INSTRUCTIONS TO FOLLOW:
Copy task. Retype the whole listing exactly, omitting any picture in it.

SUPPLIED MATERIAL:
* * *

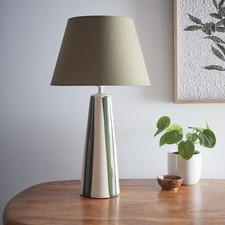 Painted Striped Ceramic Table Lamps with Matching shades, in 4 colourways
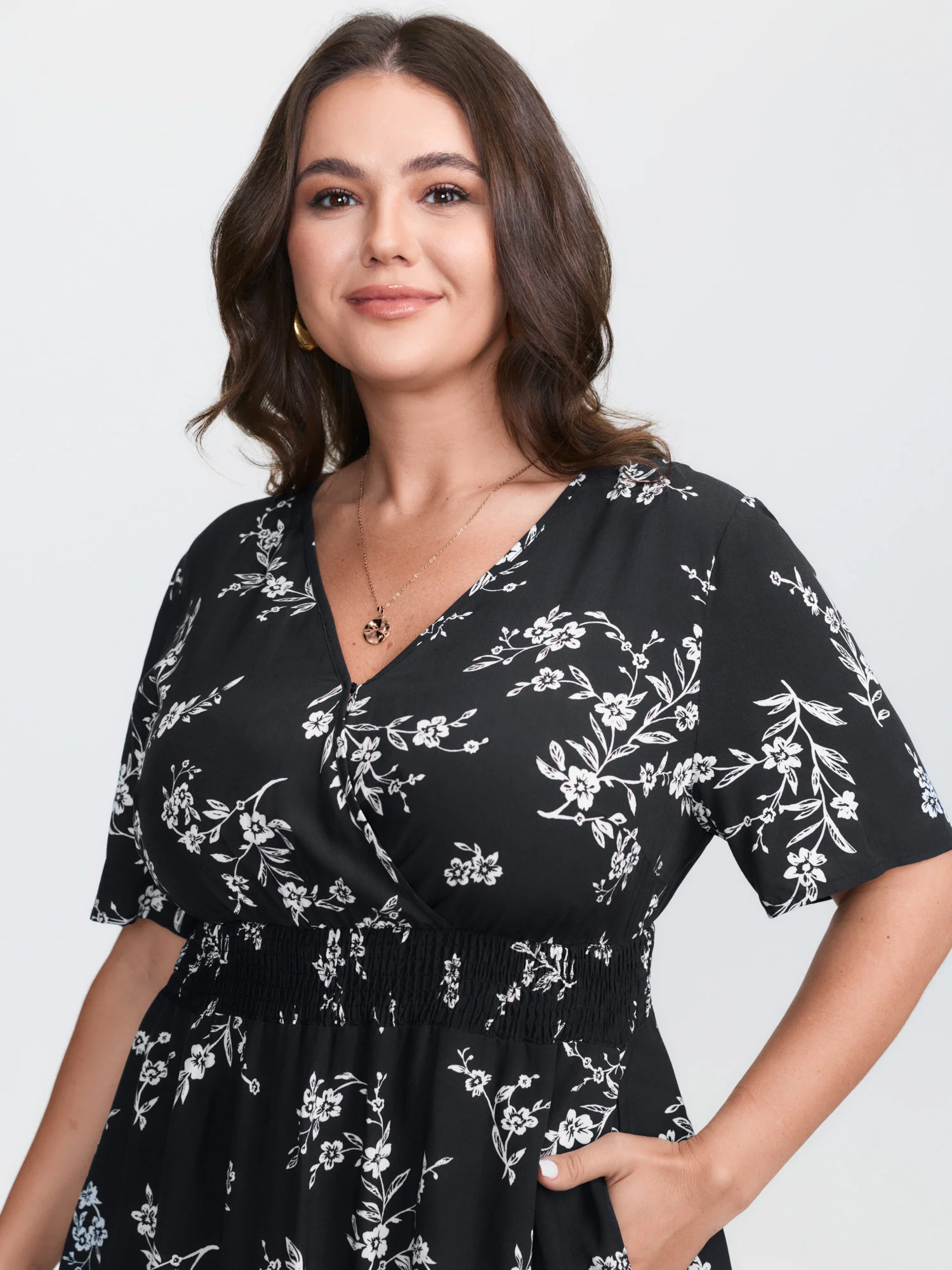 Floral Print Wrap Neckline Shirred Midi Dress - Image 2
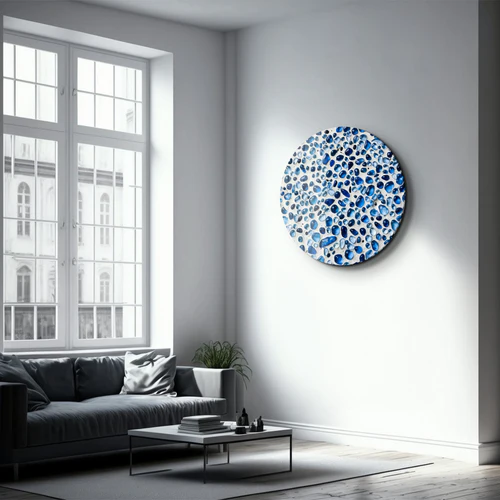 ・"Blue Terrazzo"・Rounded Glass Wall Art - Image 3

* * *

THE COMPLETED TASK:
 Painted Striped Ceramic Table Lamps with Matching shades, in 4 colourways
 Floral Print Wrap Neckline Shirred Midi Dress - Image 2
 ・"Blue Terrazzo"・Rounded Glass Wall Art - Image 3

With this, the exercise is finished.